Cancer Biomedical Informatics Grid (caBIGTM): As we begin to better understand cancer at the molecular level and personalized medicine becomes a reality in cancer patient care, researchers and clinicians will require more rapid access to—and easier methods to analyze and utilize—the multiple types of information involved. Earlier systems to help translate the necessary data into better patient outcomes were disconnected or underperforming. caBIGTM serves as the cornerstone of NCI's biomedical informatics efforts to transform cancer tools and capabilities that span the entire continuum of clinical research, pathology and genomics, and more are under development. These tools, though developed for the cancer research effort, are already widely applicable beyond the cancer community.
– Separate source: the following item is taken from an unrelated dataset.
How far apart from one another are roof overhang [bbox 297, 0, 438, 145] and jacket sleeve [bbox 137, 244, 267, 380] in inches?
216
The NCI Alliance for Nanotechnology in Cancer: NCI is engaged in efforts to harness the power of nanotechnology—the field of research that deals with the engineering and creation of things from materials that are less than 100 nanometers (one-billionth of a meter) in size—to radically change the way we diagnose, treat, and prevent cancer. The NCI Alliance for Nanotechnology in Cancer is a comprehensive, systematized initiative encompassing the public and private sectors, designed to accelerate the application of the best capabilities of nanotechnology to cancer. New nanotechnology approaches carry the potential to enable a new generation of targeted diagnostics, therapeutics, and preventives. Through the networked efforts of researchers at eight designated Centers of Cancer Nanotechnology Excellence, and the NCI's Nanotechnology Characterization Laboratory (NCL) at its NCI-Frederick facility, NCI is helping build the cancer medicine of the future using technology developed today.